②その分野の常識的用語を知らない通訳がいます。

  ある事例です  要求を「Demand」と訳しました。「Requirements」ですよね。

          制約を「Restrictions」と訳しました。「Constraints」ですよね。

 

9.        三単現も気にしない  2002.06.06

英語ては、なぜ、主語が単数と複数かで、動詞を変える必要があるのだろうか。「They」と言えば複数は分かりきっているから、動詞まで変化させる必要はないはずだ。つまり、「They are」である必要はなく「they is」で、十分分かる。この点、英語は、不合理な言語である。もっとも、自然語で、合理的言語など無いかもしれないが、・・・。

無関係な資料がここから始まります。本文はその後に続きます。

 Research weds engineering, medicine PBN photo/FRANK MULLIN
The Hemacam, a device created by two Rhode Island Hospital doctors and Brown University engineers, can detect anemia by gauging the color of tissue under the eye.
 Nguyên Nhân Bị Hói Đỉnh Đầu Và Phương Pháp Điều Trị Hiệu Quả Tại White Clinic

中学校から、ずいぶん、三単現を教えられた。しかし、完全に身についた訳ではない。確かに、時々、親しいネイティブには直させられてしまうことがある。しかし、余り親しくないひとには、大抵の場合は直されることはない。多分、「何かおかしい」が、会話を中断する程重要な問題ではなのではなかろうか。この場合、もちろん、私は直されることを期待していない。伝わることを気にしているだけだ。高々、その程度の問題なのだろうが、学校では、ずいぶん減点された気がする。

話す時は、以上述べた通りでよろしい。会話では、会話の「間」を楽しんでいるのだ。話す時は、「間」は、話してのものである。しかし、書く時は、そうはいかない。「間」は、読み手のものになってしまう。従って、おかしい文章に当たると立ち止まってしまう。正しい文章を書く必要がある。

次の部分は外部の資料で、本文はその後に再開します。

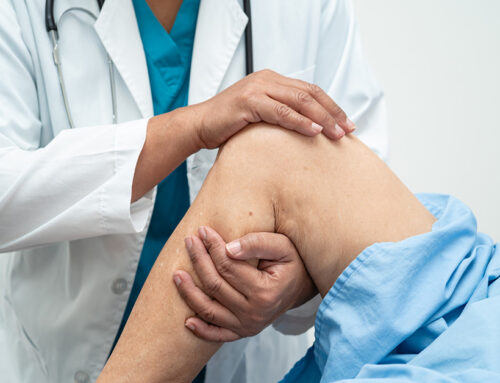How Long Does It Take to Recover from Total Knee Replacement?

友人がいれば、書いた文章をチェックしてもらえばよい。いなければ、お金を出して頼むしかない。相当できる人でも、三単現が正しくても、表現が、微妙におかしいことが第二外国語の人々には分からない。そうなので、書いたものは、どっちみち、ネイティブにチェックしてもらわなければならない。三単現だけではないのである。

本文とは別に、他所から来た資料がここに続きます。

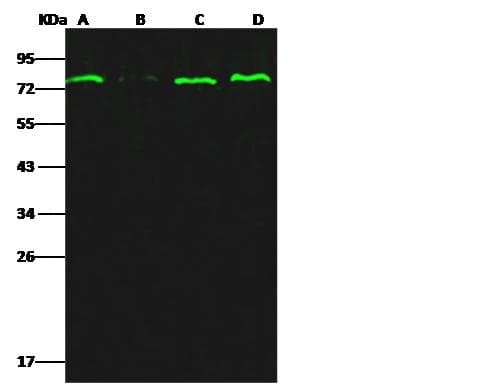 Monoclonal Rabbit anti-Human ER Alpha / Estrogen Receptor Antibody (clone 107, Preservative Free, WB)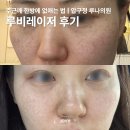 두드림약국 - 수원시 팔달구 일월로22번길 15 | 주근깨 없애는 법 압구정 루나의원 루비레이저 후기 통증 일주일 경과후기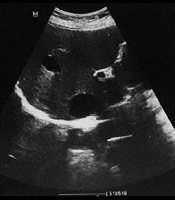 The Cystic Hepatic Mesenchymal Hamartoma in an Adult Mistaken for Hydatid Disease: Case Report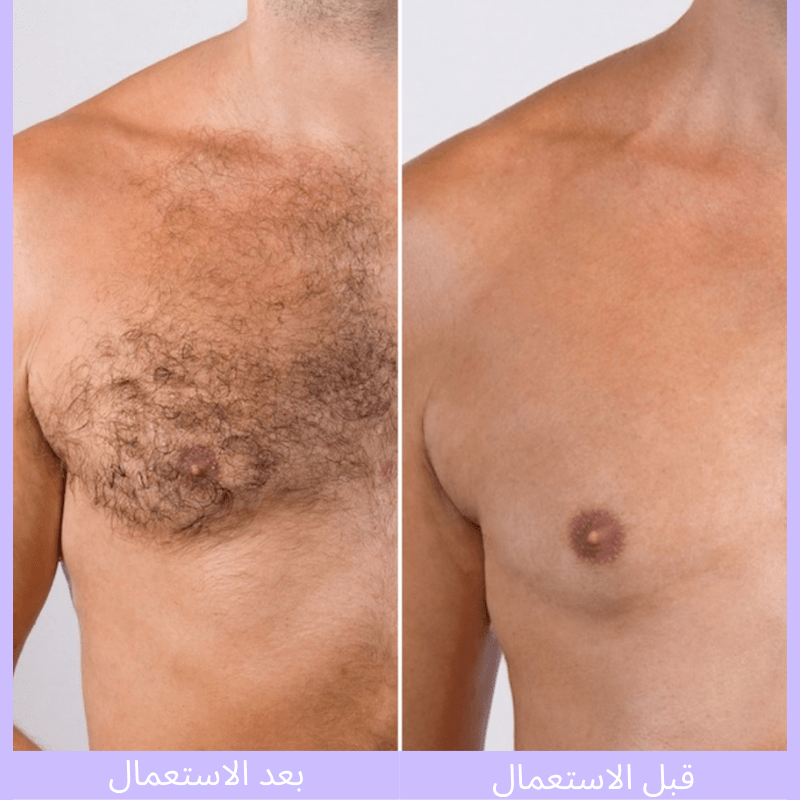 ماجيك كريستال لإزالة الشعر بتقنية نانو غير مؤلم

IDPT2000と言う学会で、あるドイツ系のアメリカ人に会った。そのアメリカ人は、「ドイツ人は英語が下手だからドイツ人の論文の英語を直すサービスを始めた」と言う。

また、その会議で、フランス人氏と話していたら「あなたは英語がうまい」と褒められた。彼は確かに上手くない。「その上、2つ発表しなければならない」と言う。2つめは、他人の論文の代読だそうだ。結局彼は、代読分を、欠席してしまった。

三つ目の事例は、ランチョンスピーチでの出来事である。私の座っているテーブルを観察していたら、スピーチを聞いて笑えなかったのは、日本人の私、隣のドイツ人、向かいの台湾人。つまり、ネイティブしか笑えなかった。そのように、第二外国語グループは、英語はあまりうまくない。特に、人口の多い国の人は、第二外国語が上手くない。

話を戻そう。普通、「be」動詞の場合は、三単現をあまり間違えない。ルールが単純だから、覚えやすいのだろうと思う。また、若い内から繰り返したたき込まれてきたので、大丈夫なのかもしれない。しかし、チョット複雑になると、忘れてしまう。「I think that they , エート, is」とやってしまう。「are」が出てこない。ここに、「エート」が入るのが味噌で、考えているのです。考えている時、そして、be動詞以外の時に、間違えやすい。しかし、気にしないことだ。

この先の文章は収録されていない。